Ugandan traders ask Tanzania to harmonise cargo transit feesThe private sector in East Africa has asked Tanzania to harmonise the preferential treatments it offers to transit goods as a way of encouraging use of the central corridor .

While Rwandan trucks transiting through the central corridor (Dar es Salaam Port) each pay $150 (Shs535,000); other East African member states such as Uganda are charged $500 (Shs1.7 million) per truck for goods in transit.

Mr Kassim Omar, the chairman Uganda Clearing Industry and Forwarding Association, who is also East Africa Business Council (EABC) vice chair for Uganda, said: “Indeed, the Dar es Salaam Port has improved.
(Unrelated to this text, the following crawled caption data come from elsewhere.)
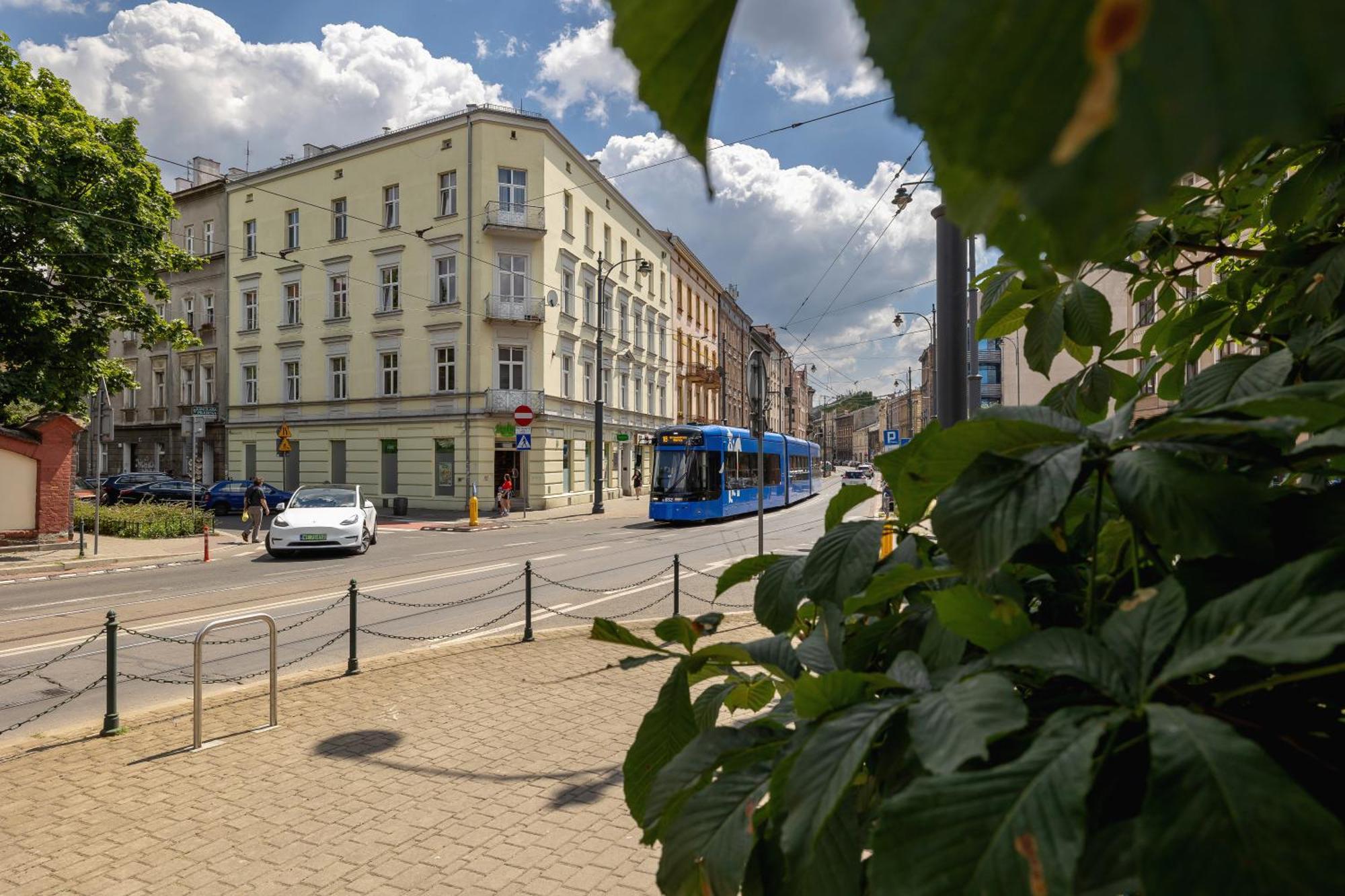 1-Bedroom Apartment - Dluga 65 Street Краков Экстерьер фото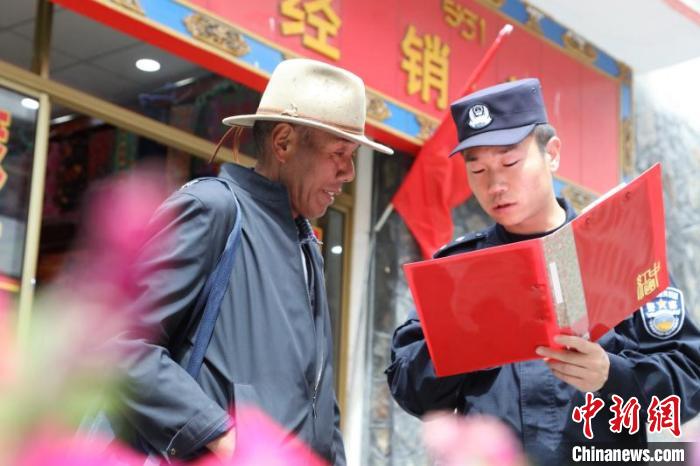 圖為民警在邊境村莊宣傳邊境政策法規(guī)?！問|出入境邊防檢查站供圖 攝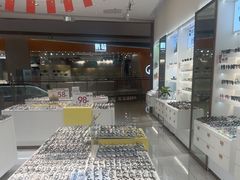 -J-Optical佳视明眼镜·蔡司视觉(青岛金茂览秀城店)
But they need to harmonise the transit fees to make doing business in the region less costly.”

Mr Omar, together with other EABC members, had paid a courtesy visit to ambassador John Kijazi, chief secretary, office of the president of Tanzania on Tuesday.

Value Added Tax
The EABC officials further urged the Tanzanian government to remove the recently introduced 18 per cent Value Added Tax (VAT) on ancillary services rendered to transit goods such securing, cargo inspection, preparation of customs documentation, container handling and storage of goods to be transported.

Mr Kassim said though the VAT is levied on companies based in Tanzania, the tax is finally transferred to owners of the transit goods who are later supposed to pay VAT in destination country on arrival.

EABC chairman, Mr Audace Ndayizeye, commended president John Pombe Joseph Magufuli as chair of the EAC summit for the remarkable progress towards the realisation of the regional integration process.

Mr Ndayizeye noted landmarks such as reduction of road blocks along the central corridor, reduction of work permit fees and signing of the East African Community Elimination of Non-Tariff Barriers to Trade Bill (2015), among others.

The Tanzanian vice chair EABC, Mr Felix Mosha, emphasised that affordable movement within the region can enrich the EAC integration.

He stated: “There is need for common understanding on air transport in terms of how to liberalise air transport and domesticating the EAC airspace”, citing that regional air tickets cost are significantly higher than international ones.

Way forward
EABC delegates also brought to the attention of the chief secretary other issues which need to be worked on in order to improve doing business and advance the integration agenda such as the liberalisation of the service sector, harmonisastion of taxes and freer movement of workers.

In response, Mr Kijazi urged EABC to learn and share best practices from other regional economic communities so as to deepen EAC.

Dar Port
Area served. Dar es Salaam Port is the Tanzania principal port with a rated capacity of 4.1 million - down weight tonnage (dwt) dry cargo and 6.0 million - (dwt) bulk liquid cargo. The port serves the landlocked countries of Malawi, Zambia, DR Congo, Burundi, Rwanda and Uganda.